As usual with these CTF problems one must look and see what is different from the usual, and use that to guide the way. The obvious weird thing is the massive amount of precision with the numbers that we are given and the title “Reality”. Hmm, reality, real numbers? Maybe the precision is somehow making the secret sharing system insecure? The system usually works by giving each member a pair of an integer n and the coefficient for xn so the system we have here is definitely different.

I didn’t have a clue where to go from there, but resident genius Robert Xiao had an idea immediately. Can we make this into a lattice problem? More specifically a closest vector problem where the solution is the desired coefficients? This might work because the massive amount of decimal precision!

The problem we’re interested for this challenge is called the closest vector problem (CVP). It boils down to this: Given a matrix A and a vector v, what vector x, with the constraint that x is made up of integers, results in the Ax that is closest to v and what is that “closest vector” vector Ax?

We want our closest vector problem to solve for the integer coefficients that make up the polynomial. Here’s our equations, we know that it’s in this form because the challenge said we needed 5 coefficients to decode the flag.

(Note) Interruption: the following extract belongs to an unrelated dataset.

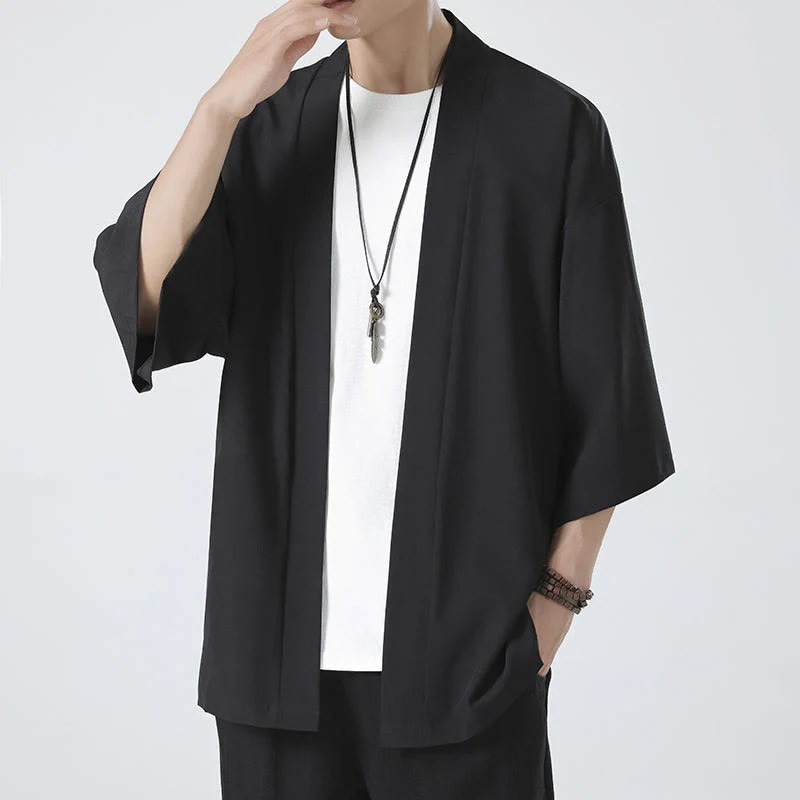 Giacca kimono da uomo con apertura frontale tinta unita Buddha Stones - Image 7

\begin{equation} y_1 = c_0 + c_1 x_1 + c_2 x_1^2 + c_3 x_1^3 + c_4 x_1^4 \\ y_2 = c_0 + c_1 x_2 + c_2 x_2^2 + c_3 x_2^3 + c_4 x_2^4 \\ y_3 = c_0 + c_1 x_3 + c_2 x_3^2 + c_3 x_3^3 + c_4 x_3^4 \\ \end{equation}

Now into a matrix,

\begin{equation} A=
\begin{bmatrix} 1 & x_1 & x_1^2 & x_1^3 & x_1^4 \\
1 & x_2 & x_2^2 & x_2^3 & x_2^4 \\ 1 & x_3 & x_3^2 & x_3^3 & x_3^4 \\ 1 & 0 & 0 & 0 & 0 \\ \end{bmatrix} \end{equation}

The goal vector,

\begin{equation} v=
\begin{bmatrix} y_1 \\
y_2 \\ y_3 \\ c_0 \\ \end{bmatrix} \end{equation}

Remember CVP finds integer valued x such that \(Ax=v\). So given this we expect that the CVP will find \begin{equation} x=
\begin{bmatrix} c_0 \\
c_1 \\ c_2 \\ c_3 \\ c_4 \\ \end{bmatrix} \end{equation}

and return us a vector that is close to (and hopefully close enough so that c0 will be valid)
\begin{equation} res=
\begin{bmatrix} y_1 \\
y_2 \\ y_3 \\ c_0 \\ \end{bmatrix} \end{equation} which we can extract the secret, c0, out from.

The problem is that we don’t know what c0 is, so we can’t give use the goal vector as written. The solution I ended up using was to guess and make it insignificant, ie multiply everything in the matrix and the y’s by a large scaling factor so that the algorithm “doesn’t care as much” about the difference between our guessed c0 and what we want it to return, the actual c0.

Another solution could be to invert the matrix and multiply in the [y1,y2,y3] vector but I only just thought of that.

So that’s the general idea, I ended up adding a few more rows onto the matrix to get the CVP function from fpyll to work, but eventually I got there.

So now we have a massive int, c0. How to decrypt the flag? This was basically just trial and error, I eventually noticed that it was about right to be converted into 16 bytes, which is the key length that is required for the encryption scheme that they used in the earlier challenges (AES-CBC).

And it worked! AES-CBC with the key being c0 and IV being just b’’s resulted in our flag!